Put aside the question of whether a zoning decision in an obscure Jerusalem suburb can be a “strategic setback” — and whether it was wise for Obama to treat it as one. Put aside the question of what kind of strategy would depend on stopping further housing in a longstanding Jewish neighborhood of Jerusalem — a neighborhood that will be retained by Israel in any conceivable peace agreement. Put aside the question of whether pre-negotiation concessions should be demanded of one side but not the other — and demanded from the side that already made an unprecedented pre-negotiation concession unmatched by the other side.
The real point about the “strategic setback” is that you cannot have a setback if you don’t have a strategy. Does anyone think the reason for the failure of Obama’s year-long “engagement” with Iran was Netanyahu’s failure to agree to a one-sided pre-negotiation freeze beyond a 10-month moratorium in the West Bank? Or that it was the reason Obama has been unable, after four months of effort, to get Iranian sanctions even on the Security Council agenda, much less adopted? Or that sanctions would have been crippling if Israel had just made more concessions — or that the decisions of Russia and China are in any way affected by them? Or that Arab states will support strong action against Iran if building stops in Jerusalem, but not if it doesn’t? As Youssef Ibrahmim’s perceptive article today at the New York Sun indicates, many Arab commentators have themselves indicated that the Palestinian issue is a secondary concern.

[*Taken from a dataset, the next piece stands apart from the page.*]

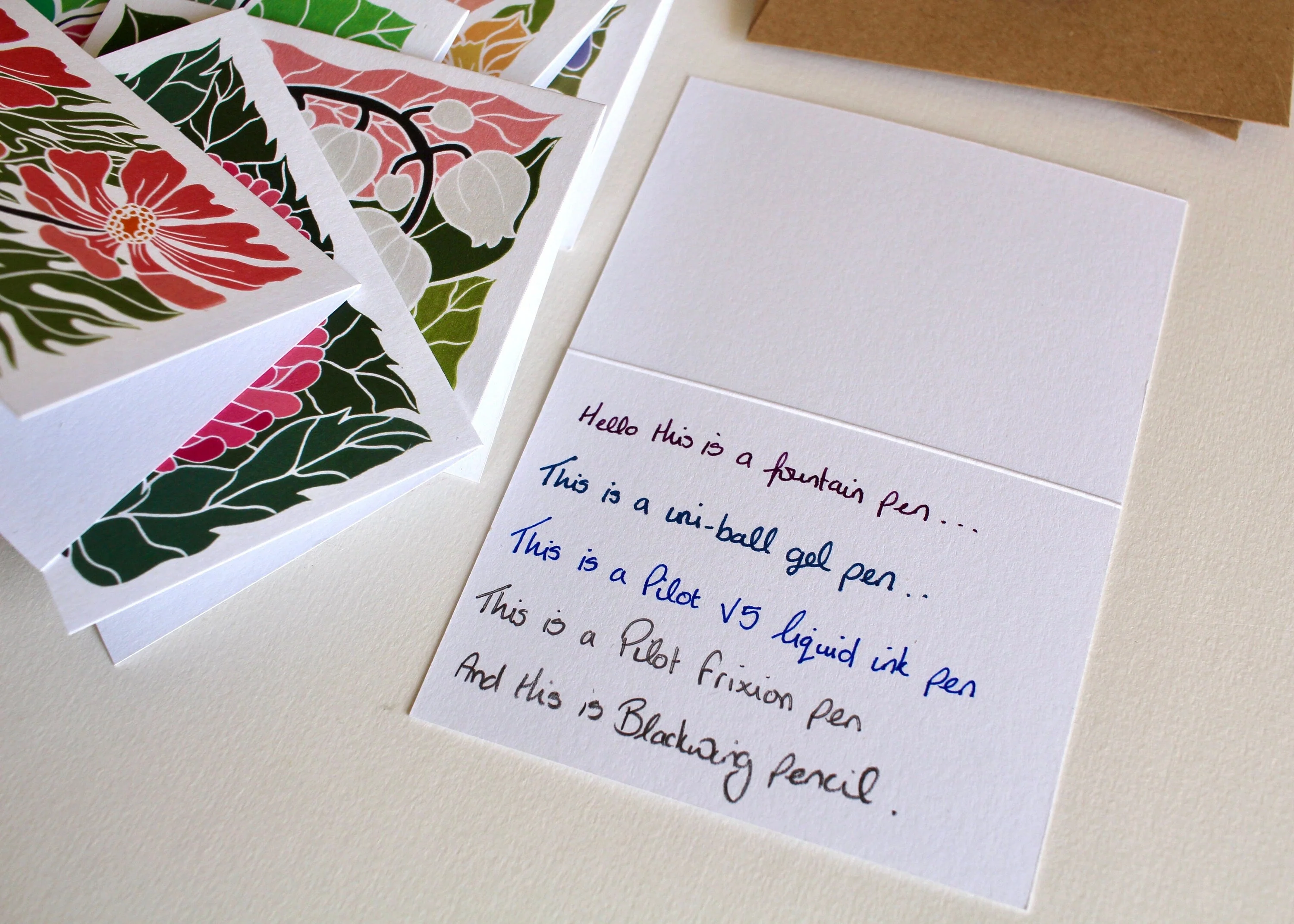Mini Birth Flower Linocut Note Cards - Set of 12 | Colourful Flowers by month / A7 Notelet card & envelope set - Image 10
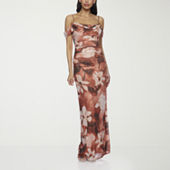 Premier Amour Womens Short Sleeve Evening Gown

Robert Gates sent a memorandum to the president in January reportedly warning that there was no Iran strategy in place. Whether or not it was a “wake-up call” then, or simply a normal planning memo, whoever leaked it now obviously thinks that four months later there is still no strategy in place. The coming setback will have nothing to do with a zoning decision in an obscure Jerusalem suburb.